- GIVEN RECORDS:

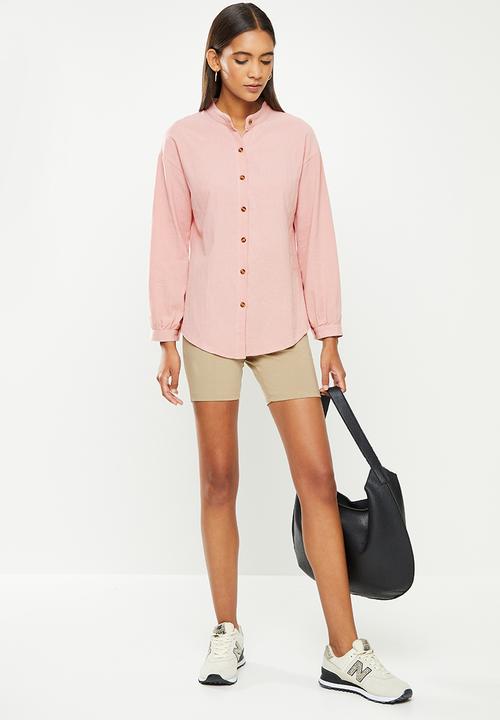 dailyfriday - Button up shirt - dusty pink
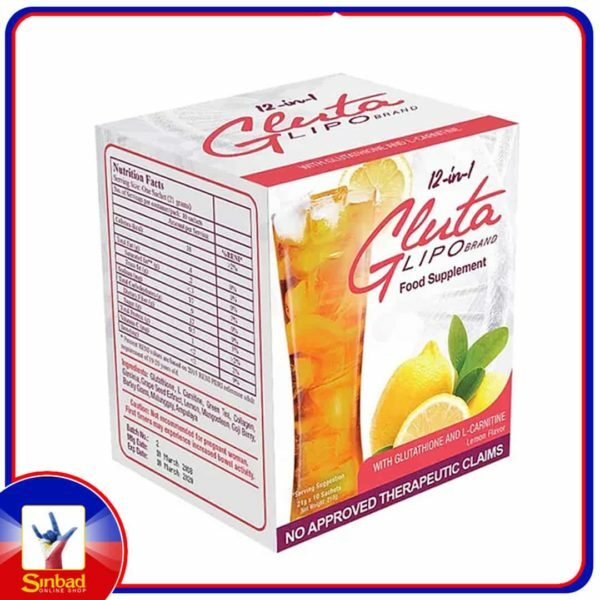 Glutalipo Detox Juice lemon flavor 12in1
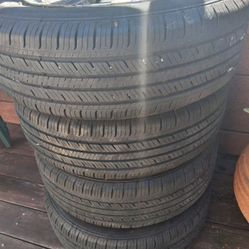 Camry 2013 tires and wheels 1 month old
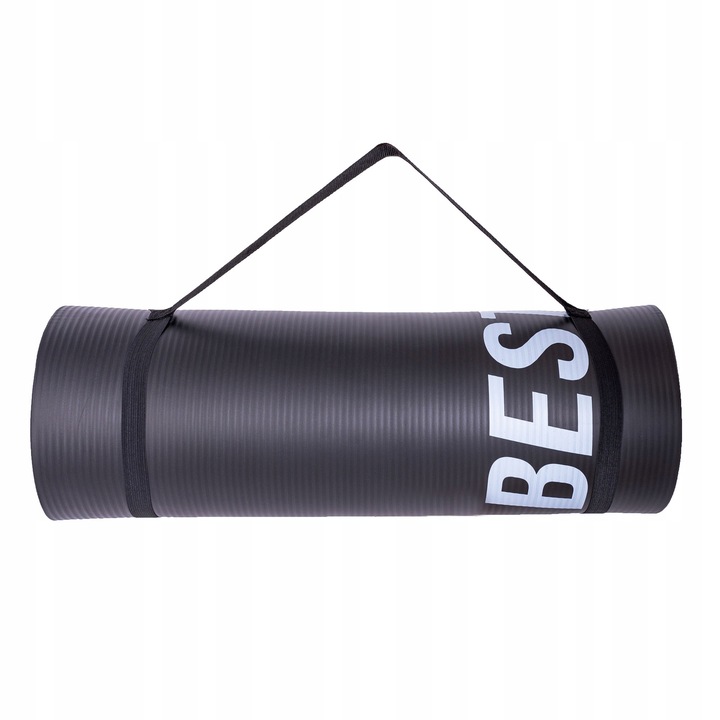 MATA DO ĆWICZEŃ FITNESS NBR JOGI GRUBA KARIMATA GIMNASTYCZNA180 cm x 60 cm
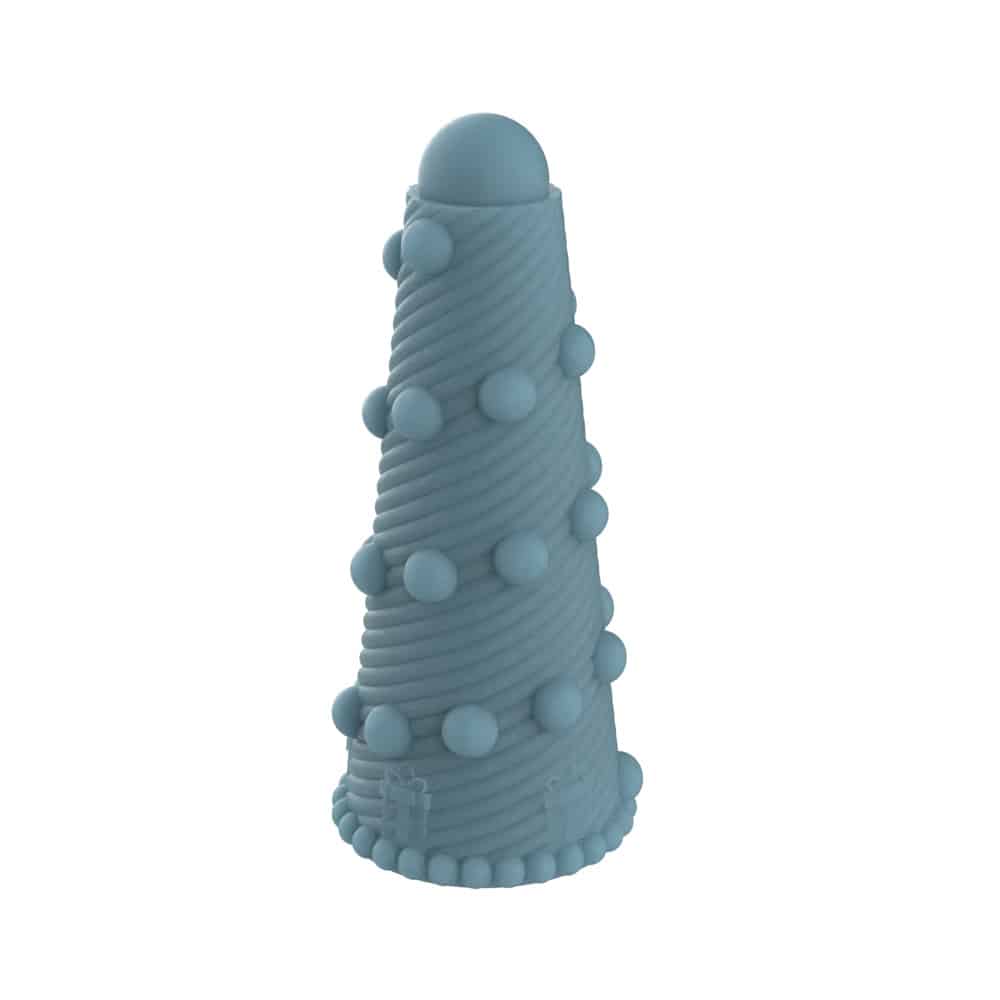 Round Headed Christmas Tree Candle Silicone Mold, Star Safety Buckle, Bell, Clover Christmas Mold 8576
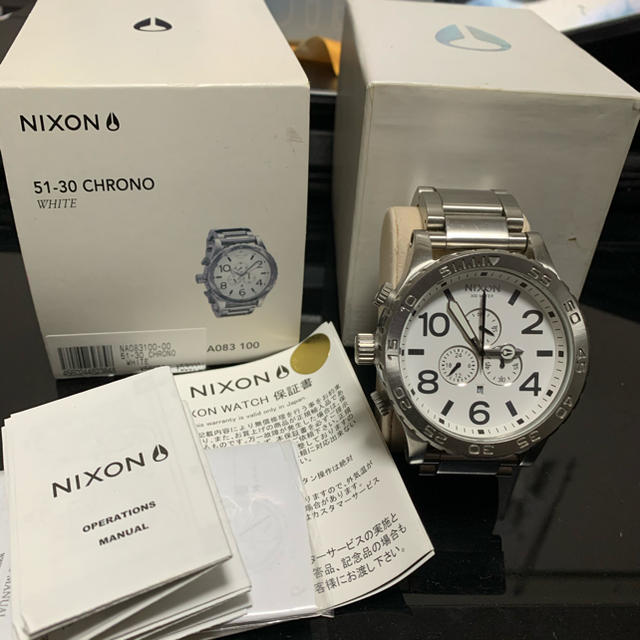 NIXON　ニクソン　51-30　クロノグラフ　シルバー  腕時計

- WHAT YOU WILL DO: Set down every entry above verbatim, without pictures.

- SOLUTION TO THIS PROBLEM:
 dailyfriday - Button up shirt - dusty pink
 Glutalipo Detox Juice lemon flavor 12in1
 Camry 2013 tires and wheels 1 month old
 MATA DO ĆWICZEŃ FITNESS NBR JOGI GRUBA KARIMATA GIMNASTYCZNA180 cm x 60 cm
 Round Headed Christmas Tree Candle Silicone Mold, Star Safety Buckle, Bell, Clover Christmas Mold 8576
 NIXON　ニクソン　51-30　クロノグラフ　シルバー  腕時計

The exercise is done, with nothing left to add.